Eugene, Oregon, with a population of approximately 168,000, is second largest city in Oregon and the seat of Lane County. Eugene is surrounded by foothills and forests to the south, east, and west. North is the broad Willamette Valley—consisting mostly of farmland. The Willamette and McKenzie Rivers and their tributary streams and creeks run through town.

Eugene’s urban stormwater runoff flows into these area streams and the city works to manage these flows to meet multiple objectives and reduce pollutants in compliance with its municipal separate storm sewer system (MS4) permit issued under the Clean Water Act. City leaders and staff established a comprehensive stormwater management program including city-wide green infrastructure solutions on public and private property. For the past two decades Eugene has worked to deploy these localized stormwater management strategies that are both effective at addressing water quality and flooding challenges and are affordable. The city’s choice to include city-wide, green infrastructure projects on both public and private properties has helped to meet stormwater program goals.

Eugene’s city-wide green infrastructure program has two main aspects: (1) projects on public property and (2) projects on private property. Projects on public property, which are identified in the city’s Stormwater Basin Master Plans for Eugene’s seven stormwater basin, are constructed by the Public Works Department or as privately engineered public improvements and are typically located in the public rights of way or on other publicly-owned spaces such as parks or city operations and maintenance sites. For example, the Willamette River Basin Master Plan’s “Vision for Green Infrastructure” includes projects specifically for that area such as the Polk Street water quality facility which provides treatment for a developed 800-acre area, and provides a contextual framework for implementing certain strategies city-wide such as minimizing future pollutants through onsite development standards. To date, Eugene has installed 363 public green infrastructure facilities.
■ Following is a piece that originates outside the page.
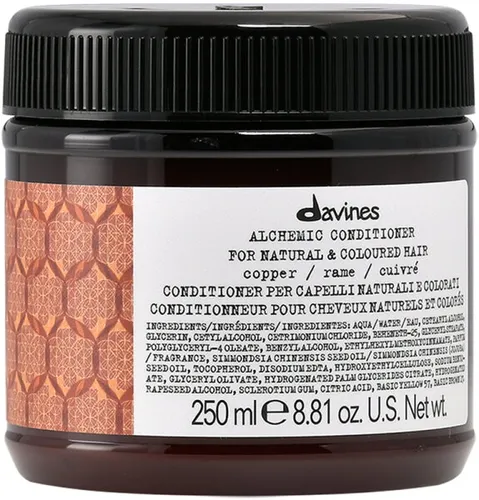 Davines Alchemic Copper Conditioner 250 ml - Conditioner für kupferfarbenes Haar, sorgt für Farbbrillanz und Glanz mit schützenden Milchproteinen und Panthenol, ideal zur Pflege und Intensivierung der Haarfarbe.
Projects on private property are constructed by developers or Eugene residents and businesses on their own property. Pursuant to the city’s development standards, stormwater installations located on private property that are constructed as new development are built in Eugene. To date, Eugene has permitted 1,000 private green infrastructure facilities.

 

 

Eugene’s commitment to green infrastructure has benefited the City in many ways. Eugene’s stormwater management strategy has helped the city meet the requirements of its MS4 permit and improve water quality for Eugene’s many urban streams. The city’s program is also cost effective. When the city was in the process of establishing its stormwater development standards, the city undertook an analysis of the cost of treating stormwater runoff with a centralized system versus requiring developed properties to manage their stormwater onsite. The city found that distributed stormwater infrastructure was more cost-effective than a centralized strategy due to the added benefits of a decentralized approach. This was fundamentally why Eugene chose to implement green infrastructure as part of its overall stormwater management program. And the program supports local, green jobs. Eugene and local partners developed a stormwater maintenance training for landscape contractors, and in March 2018, the first training was held. Twenty-five local contractors attended the two-day training and passed an exam allowing them to be put on a list of trained maintenance contractors distributed to the public.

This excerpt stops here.